PROBLEM DESCRIPTION
The line with "Before we go" marks the first line to copy, and the line with "The PicoReal software" marks the last. Transcribe that stretch of the data below exactly, without pictures.

··· ENTRIES PROVIDED

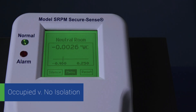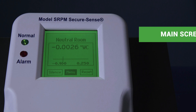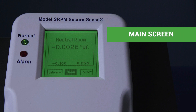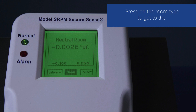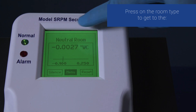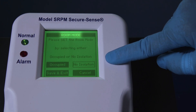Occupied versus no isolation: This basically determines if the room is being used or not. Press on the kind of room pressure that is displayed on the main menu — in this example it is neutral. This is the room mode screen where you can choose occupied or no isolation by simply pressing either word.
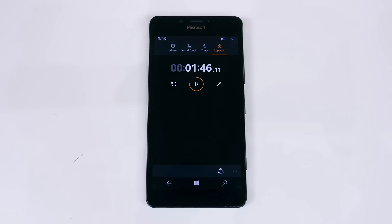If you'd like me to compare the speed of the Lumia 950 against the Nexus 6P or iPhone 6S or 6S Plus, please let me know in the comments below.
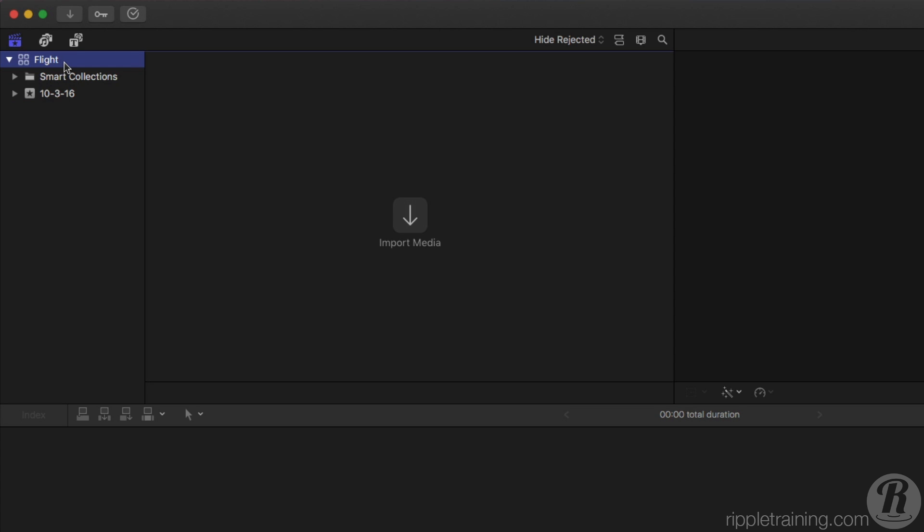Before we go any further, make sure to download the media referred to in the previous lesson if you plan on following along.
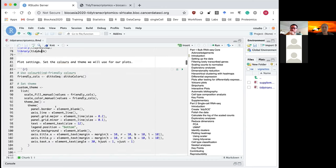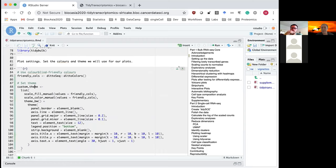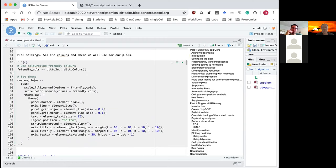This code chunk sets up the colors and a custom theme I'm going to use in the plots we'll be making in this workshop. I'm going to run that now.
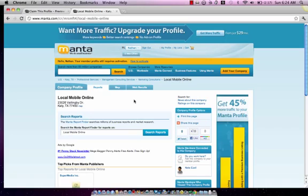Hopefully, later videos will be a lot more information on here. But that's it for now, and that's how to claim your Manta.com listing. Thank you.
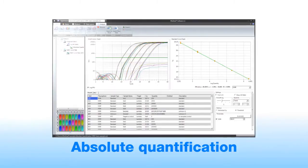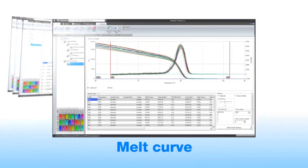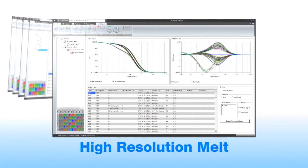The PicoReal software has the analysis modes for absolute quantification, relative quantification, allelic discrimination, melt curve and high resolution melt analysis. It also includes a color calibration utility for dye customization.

······
··· ENTRIES PROVIDED

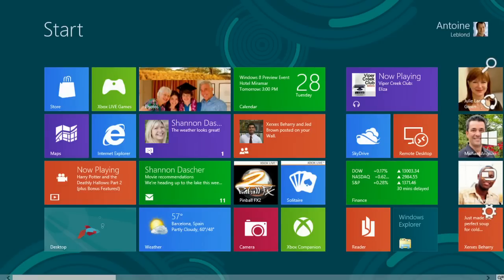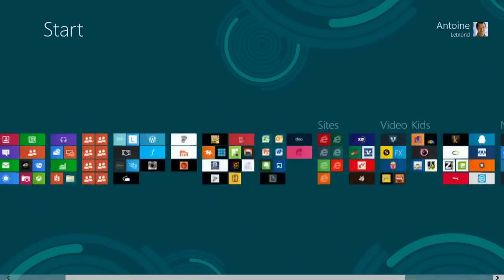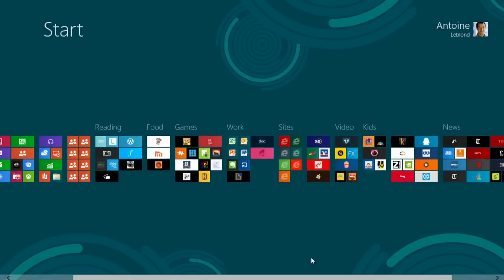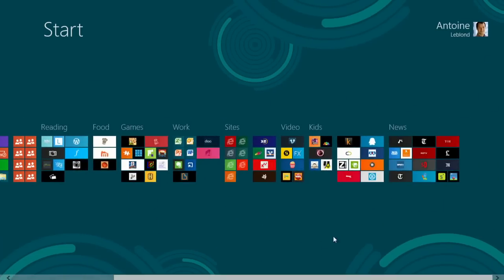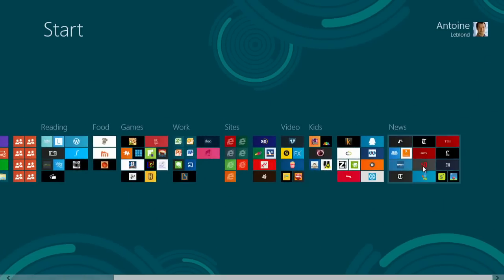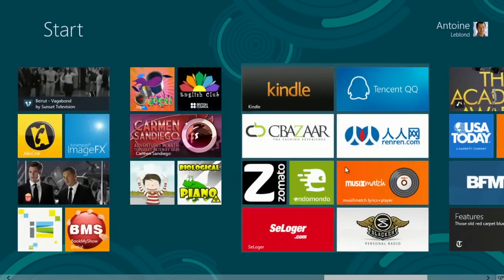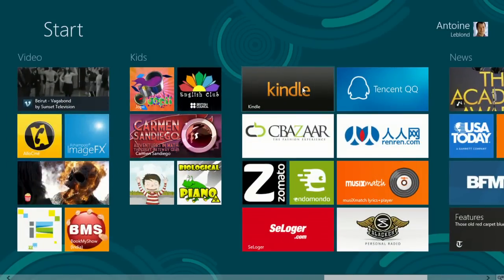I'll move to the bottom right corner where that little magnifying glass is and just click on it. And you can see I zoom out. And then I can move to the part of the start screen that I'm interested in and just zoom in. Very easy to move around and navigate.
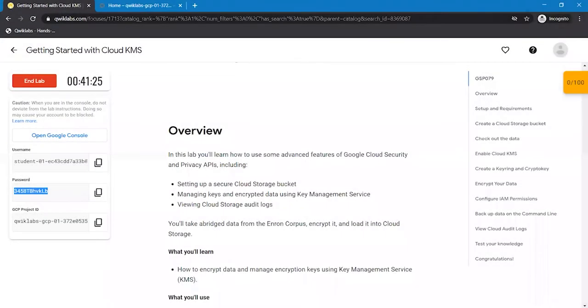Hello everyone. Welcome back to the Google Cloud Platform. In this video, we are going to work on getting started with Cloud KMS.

······
··· ENTRIES PROVIDED

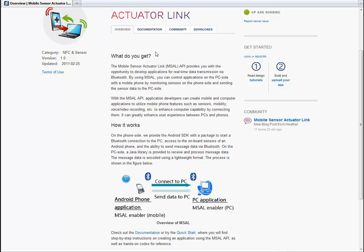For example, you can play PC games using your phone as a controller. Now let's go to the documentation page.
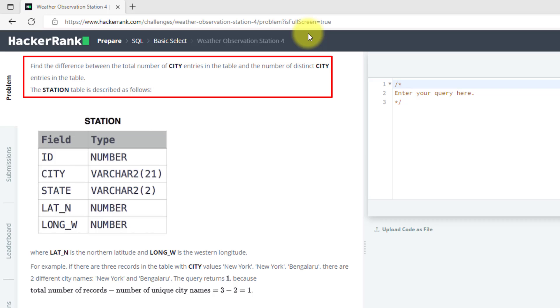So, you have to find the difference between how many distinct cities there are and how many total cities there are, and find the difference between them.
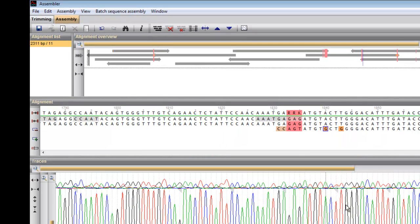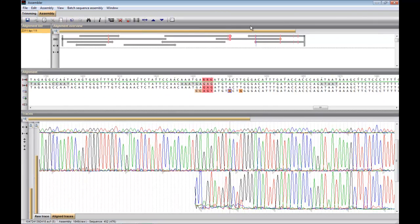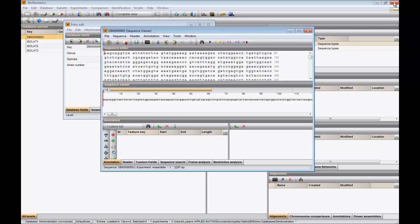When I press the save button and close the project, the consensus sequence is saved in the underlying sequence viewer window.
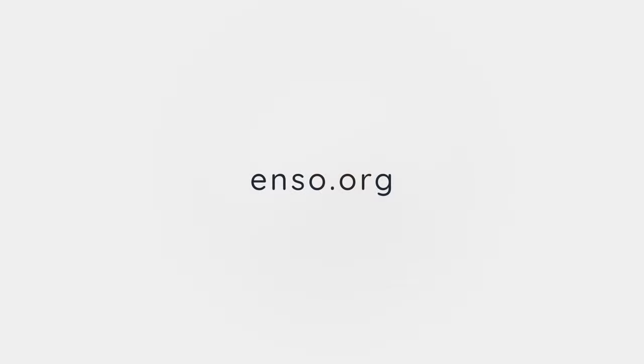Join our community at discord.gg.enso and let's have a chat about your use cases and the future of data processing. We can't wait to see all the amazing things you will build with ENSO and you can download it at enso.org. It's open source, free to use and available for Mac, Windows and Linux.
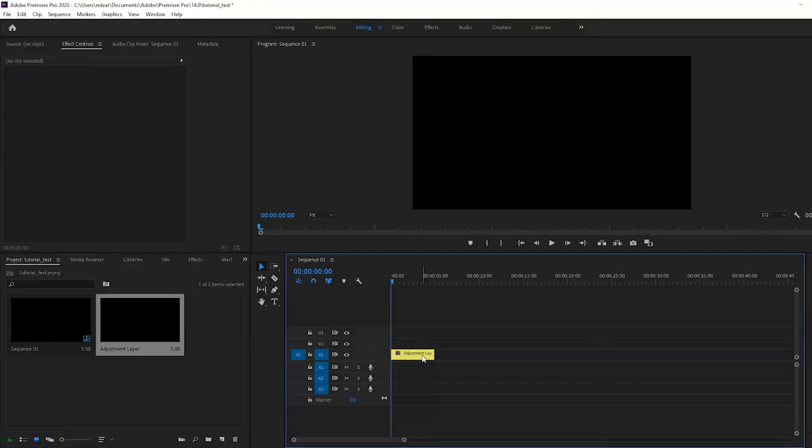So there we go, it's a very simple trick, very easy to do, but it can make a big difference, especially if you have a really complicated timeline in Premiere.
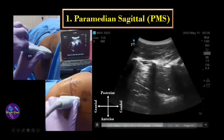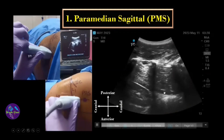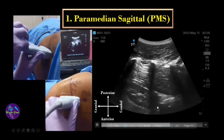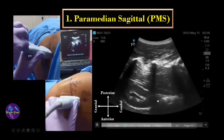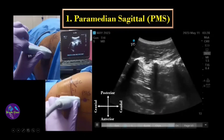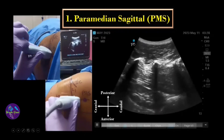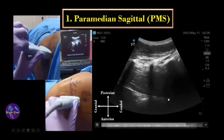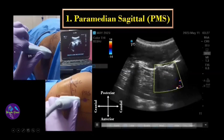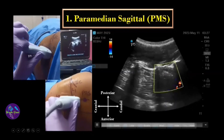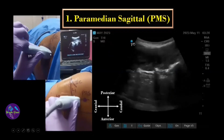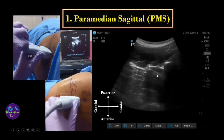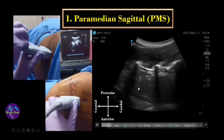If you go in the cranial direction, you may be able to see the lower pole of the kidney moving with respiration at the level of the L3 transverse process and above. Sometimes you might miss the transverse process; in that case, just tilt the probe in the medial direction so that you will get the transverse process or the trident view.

······

EXERCISE OUTPUT
Before we go any further, make sure to download the media referred to in the previous lesson if you plan on following along.
This code chunk sets up the colors and a custom theme I'm going to use in the plots we'll be making in this workshop. I'm going to run that now.
Hopefully, later videos will be a lot more information on here. But that's it for now, and that's how to claim your Manta.com listing. Thank you.
The PicoReal software has the analysis modes for absolute quantification, relative quantification, allelic discrimination, melt curve and high resolution melt analysis. It also includes a color calibration utility for dye customization.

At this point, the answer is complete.